ABOUT THIS EXERCISE >> Could you transcribe the material below exactly, without leaving out a single line?

DATA BLOCK >>
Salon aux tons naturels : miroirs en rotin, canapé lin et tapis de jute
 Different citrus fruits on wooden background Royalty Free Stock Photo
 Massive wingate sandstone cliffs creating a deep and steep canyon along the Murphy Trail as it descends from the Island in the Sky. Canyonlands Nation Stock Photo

OUTPUT FOR THIS TASK >>
Salon aux tons naturels : miroirs en rotin, canapé lin et tapis de jute
 Different citrus fruits on wooden background Royalty Free Stock Photo
 Massive wingate sandstone cliffs creating a deep and steep canyon along the Murphy Trail as it descends from the Island in the Sky. Canyonlands Nation Stock Photo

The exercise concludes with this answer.